In a motion introduced earlier this week, Cedillo notes that the CASP allows certain projects bonus floor area (FAR) in exchange for providing affordable housing.  The key incentive, known as Strategy B, allows for additional space for market-rate housing in exchange for each square foot of space dedicated to affordable housing.

However, "conflicting interpretations," of Strategy B have limited its ability to produce new affordable housing.  The current interpretation of Strategy B requires that a proposed development first meet or exceed the maximum base allowable FAR for non-residential and non-commercial uses before being allowed to make use of any floor area bonus.  But as market conditions cannot currently support the amount of non-residential square-footage required to trigger the affordable housing incentives, new projects in the CASP area are being rendered economically infeasible.

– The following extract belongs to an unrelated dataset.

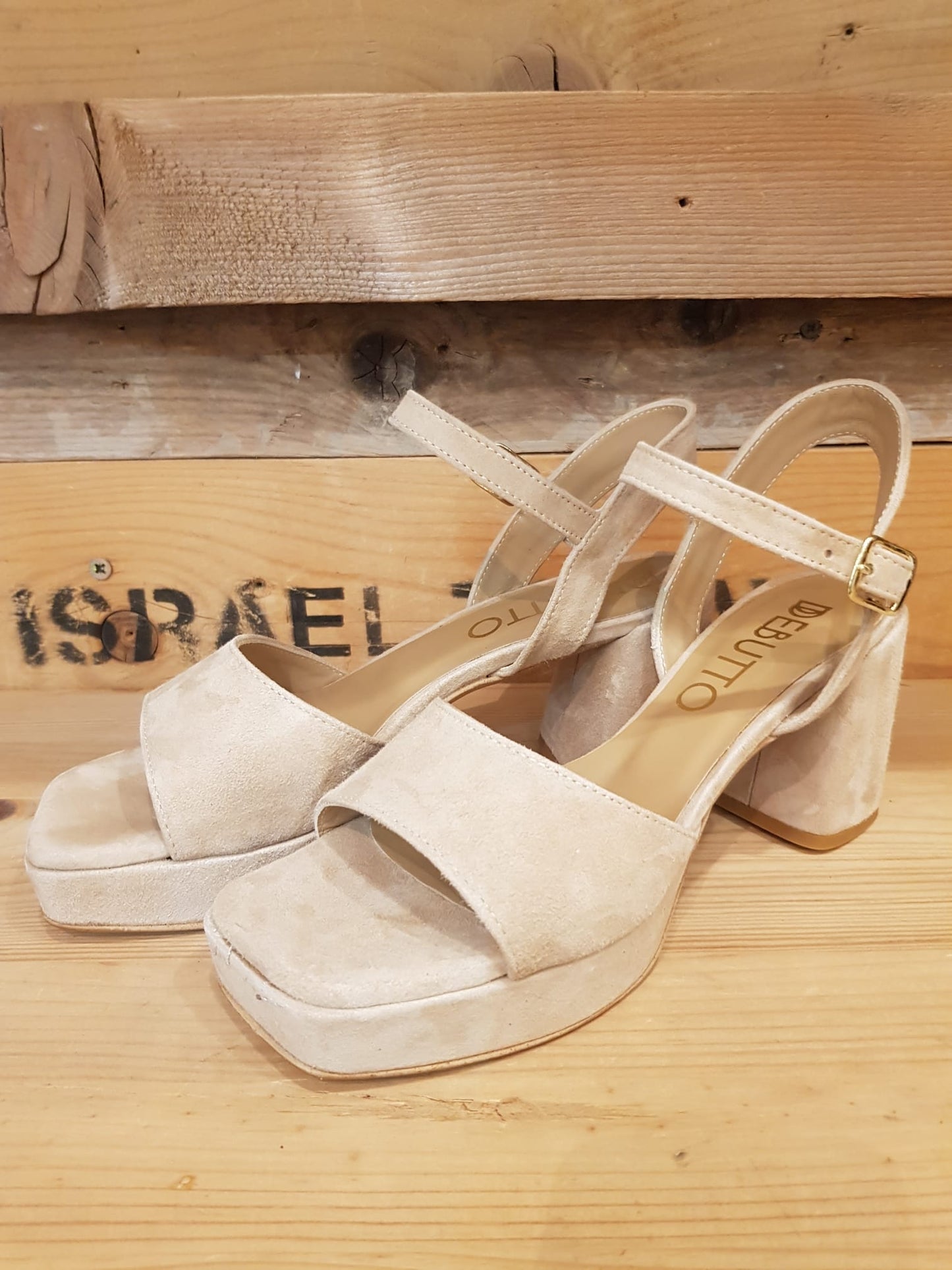 סנדלי עקב SA23S25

To address this, Cedillo's motion calls for the Planning Department to prepare an amendment to the CASP which would clarify that "Affordable Housing Bonus Option Strategy B may be utilized to exceed residential floor area limits, even where the maximum base allowable floor-area-ratio for non-residential and non-commercial uses is not met."  This interpretation, according to Cedillo, was the Planning Department's original read of Strategy B, and is consistent with the City Council's goal of producing new housing through the CASP.

Housing for CA, a Los Angeles-based real estate developer and contributor to Urbanize who has previously critiqued the CASP,  called the move by Cedillo "an immediate game changer," that would open up properties in the plan's Urban Center and Urban Innovation zones for housing construction.  The Urban Center and Urban Innovation zones encompass a substantial portion of the plan's 660 acres, with high concentrations near Gold Line stations in Chinatown and Lincoln Heights.

Cedillo's motion, which has been referred to the City Council's Planning and Land Use Committee, also calls for the Planning Department to prepare a report which the CASP at its five-year mark and makes recommendations on future policies.